--- RAW DATA Enclosed Below ---

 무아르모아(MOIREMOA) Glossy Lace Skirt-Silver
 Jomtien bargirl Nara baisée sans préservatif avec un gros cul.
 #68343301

--- End of Enclosed RAW DATA ---
--- RAW DATA Enclosed Below ---

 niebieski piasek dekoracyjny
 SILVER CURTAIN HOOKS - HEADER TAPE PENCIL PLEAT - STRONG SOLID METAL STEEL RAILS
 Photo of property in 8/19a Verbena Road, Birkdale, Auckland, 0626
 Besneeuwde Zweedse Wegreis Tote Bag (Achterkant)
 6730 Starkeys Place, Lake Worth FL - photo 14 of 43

--- End of Enclosed RAW DATA ---

Look above for the line with "Besneeuwde Zweedse Wegreis" and the line with "6730 Starkeys Place, Lake", and reproduce exactly those two lines plus every line between, nothing more.

**SOLVED EXERCISE**
 Besneeuwde Zweedse Wegreis Tote Bag (Achterkant)
 6730 Starkeys Place, Lake Worth FL - photo 14 of 43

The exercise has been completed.